Juncker ne tolérera pas de libre circulation à la carte

«Le marché intérieur et la libre circulation des personnes ne peuvent pas être à la carte». S’il y a une phrase que les Suisses doivent retenir du discours de Jean-Claude Juncker, Président de la Commission européenne, sur l’état de l’Union européenne (UE) prononcé au Parlement européen mercredi 14 septembre, c’est celle-là. En effet, alors que le Conseil fédéral n’a toujours pas trouvé de solution concertée avec l’UE sur la mise en œuvre de l’initiative «contre l’immigration de masse», cette tirade sonne comme un avertissement. Et ce juste avant la rencontre entre le président de la Commission et le président de la Confédération, prévue lundi 19 septembre à Zurich.

Pourtant, il semblait que la Commission des institutions politiques avait trouvé la meilleure option pour résoudre le dilemme entre limitation de l’immigration et libre circulation des personnes. Elle a ainsi proposé de favoriser les travailleurs résidant en Suisse et, si cela ne suffit pas, de prendre des mesures correctives, faisant de ce fait son possible pour épargner ses relations avec sa grande voisine. Il apparaît toutefois que l’UE ne l’entend pas de cette oreille. En effet, dans un document interne de la Commission européenne daté du 12 septembre, celle-ci estime que ce n’est pas au gouvernement suisse de décider ce qui viole ou non l’accord de libre circulation. D’où l’importance, selon elle, de mettre en place un accord institutionnel. Mais c’est là que le bât blesse : cela fait des années que les négociations sont en cours pour conclure cet accord-cadre nécessaire à la poursuite des relations bilatérales entre les deux parties. Or, aucun compromis n’a pu être trouvé jusqu’à présent. Pire, les discussions semblent au point mort depuis que les Suisses ont décidé de réintroduire des contingents.

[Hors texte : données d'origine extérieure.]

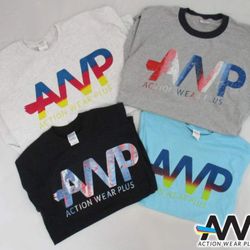Action Wear Plus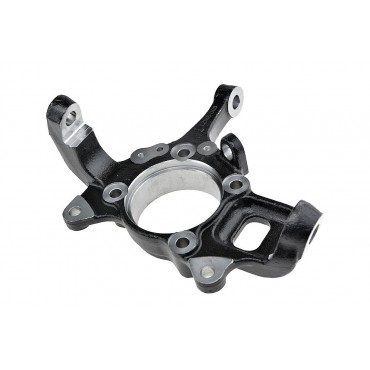 Fusée d'essieu Avant Gauche Pour MITSUBISHI L 200 / TRITON PAJERO SPORT MR992367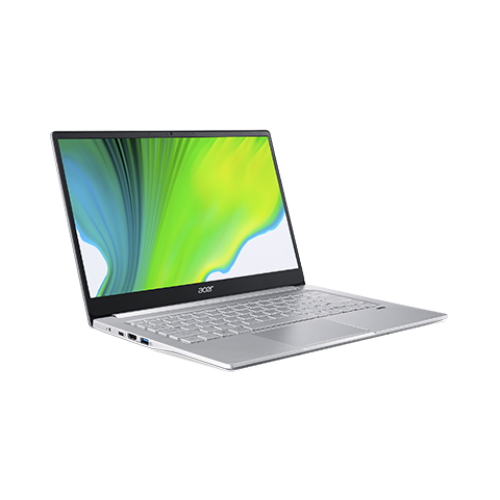 Ноутбук Acer Swift 3 SF314-59-75QC (NX.A5UAA.006)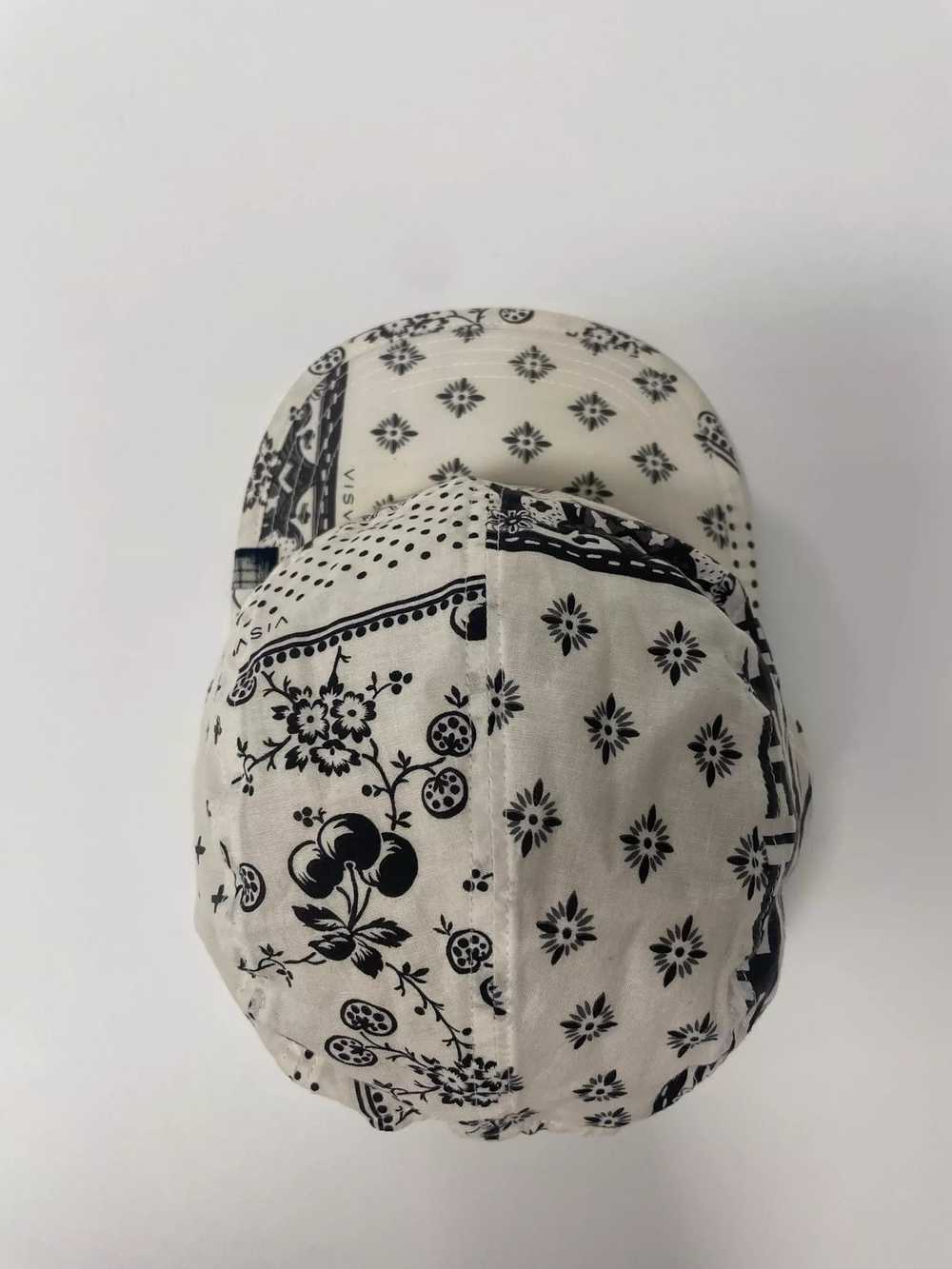 Visvim VISVIM ICT CAMP CAP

Mais alors que ces questions revêtent une importance capitale pour la Confédération, elles ne semblent pas vraiment affecter l’UE. Car en ce mercredi 14 septembre, et bien que l’acceptation du protocole avec la Croatie fût à l’ordre du jour des votes du Parlement européen, aucun mot sur la Suisse n’a été prononcé et le protocole a été accepté dans l’indifférence générale. Celui-ci est pourtant loin de laisser insensible à l’autre bout du Rhin. En effet, de la ratification de celui-ci dépend la participation de la Suisse aux programmes européens Horizon 2020, Erasmus et MEDIA. A noter que les deux chambres ont toutefois décidé de ne pas ratifier ledit protocole tant qu’aucune solution à la mise en œuvre de l’initiative sur les contingents n'aura été trouvée. Un vrai casse-tête.

Néanmoins, le silence européen envers le petit voisin bilatéral s’explique moins par un manque d’intérêt que par le fait que l’UE a bien d’autres préoccupations, trois mois après le Brexit. Jean-Claude Juncker l’a d’ailleurs exprimé clairement: l'année à venir sera décisive pour le futur de l’Europe. Dans son discours, il a ainsi énoncé des propositions concrètes et réalistes, loin du lyrisme et de l’enthousiasme dont il a pu faire preuve par le passé. Enfin, à l’issue de son bilan, il s’est même laissé aller à l’expression de quelques regrets: «J’ai l’impression que beaucoup ont oublié ce que cela signifie d’être européen. Ce que cela signifie de faire partie de cette Union d’Européens. Il faut se rappeler pourquoi les nations d’Europe ont choisi de travailler ensemble. L’Europe est synonyme de paix. Et parfois, nous nous affrontons. Mais nous nous affrontons avec des mots. Et nous réglons nos conflits autour d’une table, pas dans des tranchées». Et de conclure : «Nous devons en finir avec cette vieille rengaine selon laquelle le succès est national, et l'échec européen». 

Caroline Iberg

Caroline Iberg a travaillé entre 2013 et 2017 au Nouveau mouvement européen Suisse (Nomes). Elle est désormais chargée de communication à Strasbourg.